Austrian buyer sees bonanza in Albania

TIRANA (Reuters) – Austria’s Raiffeisen Zentralbank said the reason it bought Albania’s leading bank, Savings Bank, was to gain a foothold in a fledgling economy poised to explode after years of political and economic crises. Raiffeisen believes there is enormous growth potential in the construction and trading sectors of the Balkan country, where loans amount to only 6 percent of GDP, compared with 111 percent in Austria. «It is a very interesting bank, a unique opportunity frankly to buy a dominant bank in a country which I think is poised to explode economically,» Jeffrey B. Millikan, managing director of Raiffeisen International Bank-Holding AG, told Reuters. Millikan masterminded the purchase of the Savings Bank, Albania’s largest, for $126 million, the highest foreign investment in ex-communist Albania’s decade of capitalism. He said Savings Bank, which had been banned from lending since 1997, would apply to the central bank for permission to restart lending and hoped to begin again, probably in October. The bank, the once-isolated country’s biggest privatization, had been offered for sale twice without success. A lukewarm international climate and political instability kept investors away from a country that suffered several crises since the collapse of communism, including a violent revolt after fraudulent pyramid schemes collapsed in 1997. But Millikan said economic fundamentals now looked sound, with GDP expected to grow 6 percent this year, inflation of between 2 and 4 percent, and the exchange rate stable. Albanian law was sound, he added.
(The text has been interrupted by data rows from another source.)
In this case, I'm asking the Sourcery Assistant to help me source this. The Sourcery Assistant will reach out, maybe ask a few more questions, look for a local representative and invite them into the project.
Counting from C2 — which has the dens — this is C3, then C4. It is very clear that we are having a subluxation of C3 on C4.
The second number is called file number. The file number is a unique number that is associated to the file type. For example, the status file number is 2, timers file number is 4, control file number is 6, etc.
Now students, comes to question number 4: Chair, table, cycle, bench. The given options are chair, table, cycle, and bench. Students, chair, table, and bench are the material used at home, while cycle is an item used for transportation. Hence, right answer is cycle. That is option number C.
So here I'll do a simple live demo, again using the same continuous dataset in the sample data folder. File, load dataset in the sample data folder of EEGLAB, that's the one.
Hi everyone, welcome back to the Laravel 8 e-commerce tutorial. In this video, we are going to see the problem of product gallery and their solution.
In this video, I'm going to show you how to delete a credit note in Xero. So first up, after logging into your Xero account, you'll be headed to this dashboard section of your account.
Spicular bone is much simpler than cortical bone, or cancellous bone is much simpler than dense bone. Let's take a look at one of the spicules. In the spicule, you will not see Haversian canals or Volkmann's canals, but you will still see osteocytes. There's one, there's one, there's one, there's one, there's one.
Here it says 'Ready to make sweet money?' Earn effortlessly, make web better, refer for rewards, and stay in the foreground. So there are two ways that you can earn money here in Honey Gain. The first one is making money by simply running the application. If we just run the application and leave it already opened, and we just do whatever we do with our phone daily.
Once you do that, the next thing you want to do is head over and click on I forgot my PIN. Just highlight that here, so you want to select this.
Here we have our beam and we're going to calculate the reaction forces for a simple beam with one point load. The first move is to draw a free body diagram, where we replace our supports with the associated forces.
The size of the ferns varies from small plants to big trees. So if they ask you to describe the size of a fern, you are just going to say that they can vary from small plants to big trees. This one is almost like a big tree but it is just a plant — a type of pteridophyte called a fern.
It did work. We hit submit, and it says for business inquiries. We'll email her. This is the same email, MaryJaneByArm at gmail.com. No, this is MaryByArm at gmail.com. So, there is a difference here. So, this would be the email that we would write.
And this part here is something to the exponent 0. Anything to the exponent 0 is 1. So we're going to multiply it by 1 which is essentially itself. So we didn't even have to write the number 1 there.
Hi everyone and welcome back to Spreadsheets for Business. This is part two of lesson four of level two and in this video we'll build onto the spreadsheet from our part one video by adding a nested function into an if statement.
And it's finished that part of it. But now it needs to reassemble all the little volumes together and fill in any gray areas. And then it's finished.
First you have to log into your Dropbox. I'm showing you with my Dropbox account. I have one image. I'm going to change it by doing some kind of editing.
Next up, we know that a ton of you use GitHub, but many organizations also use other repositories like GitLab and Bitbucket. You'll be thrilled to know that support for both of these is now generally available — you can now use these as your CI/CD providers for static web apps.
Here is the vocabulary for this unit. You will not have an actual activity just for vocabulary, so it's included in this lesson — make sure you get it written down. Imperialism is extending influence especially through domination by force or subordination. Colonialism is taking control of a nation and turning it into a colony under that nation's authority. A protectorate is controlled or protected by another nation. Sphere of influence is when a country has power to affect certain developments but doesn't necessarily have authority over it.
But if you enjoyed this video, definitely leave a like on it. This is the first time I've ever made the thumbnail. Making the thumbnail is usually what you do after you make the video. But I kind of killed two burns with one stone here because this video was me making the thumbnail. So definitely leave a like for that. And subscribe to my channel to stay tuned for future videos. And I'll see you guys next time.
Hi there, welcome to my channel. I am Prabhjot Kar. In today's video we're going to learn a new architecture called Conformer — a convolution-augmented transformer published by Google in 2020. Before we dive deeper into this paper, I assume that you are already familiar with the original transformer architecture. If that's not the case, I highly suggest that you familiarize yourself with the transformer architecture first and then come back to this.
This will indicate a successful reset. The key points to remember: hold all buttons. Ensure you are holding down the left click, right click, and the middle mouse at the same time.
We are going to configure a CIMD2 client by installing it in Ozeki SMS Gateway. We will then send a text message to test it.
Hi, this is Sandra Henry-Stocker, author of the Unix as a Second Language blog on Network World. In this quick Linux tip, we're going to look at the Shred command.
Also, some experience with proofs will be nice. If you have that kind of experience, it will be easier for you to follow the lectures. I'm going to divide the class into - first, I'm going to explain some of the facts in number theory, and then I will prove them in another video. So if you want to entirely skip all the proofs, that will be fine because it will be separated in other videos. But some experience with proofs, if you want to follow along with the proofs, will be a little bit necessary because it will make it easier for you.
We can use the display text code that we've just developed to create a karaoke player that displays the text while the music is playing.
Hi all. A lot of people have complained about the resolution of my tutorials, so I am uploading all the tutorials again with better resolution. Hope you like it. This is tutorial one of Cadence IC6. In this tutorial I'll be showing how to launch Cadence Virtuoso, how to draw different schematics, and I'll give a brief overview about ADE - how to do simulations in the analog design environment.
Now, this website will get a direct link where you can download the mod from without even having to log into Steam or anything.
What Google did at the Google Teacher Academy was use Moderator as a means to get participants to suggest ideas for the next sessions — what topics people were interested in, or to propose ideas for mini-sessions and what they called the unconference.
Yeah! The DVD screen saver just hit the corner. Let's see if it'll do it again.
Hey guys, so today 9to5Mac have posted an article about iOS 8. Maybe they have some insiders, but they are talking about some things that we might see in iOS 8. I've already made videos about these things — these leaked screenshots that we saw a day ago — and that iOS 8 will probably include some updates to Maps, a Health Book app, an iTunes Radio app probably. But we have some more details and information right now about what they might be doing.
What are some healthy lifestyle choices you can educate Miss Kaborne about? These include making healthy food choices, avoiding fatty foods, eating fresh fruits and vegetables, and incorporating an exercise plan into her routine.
The Savings Bank had been banned from lending because «either unsound or politically motivated lending decisions» caused bad loans, which it shed before the sale. For six years, it had no other choice but to invest in government treasury bills and interbank deposits. Millikan said the bank will remain dominant in deposits and in regional coverage but will start to build market share in corporate and consumer lending. «There is over 1 billion euros of investment in government T-bills. And it’s going to take years to replace that with corporate and consumer loans, years, years and years,» he said. «I think that if in two years we have 200-300 million euros of corporate loans on the books that would be a good achievement. It really depends on how quickly the economy grows.»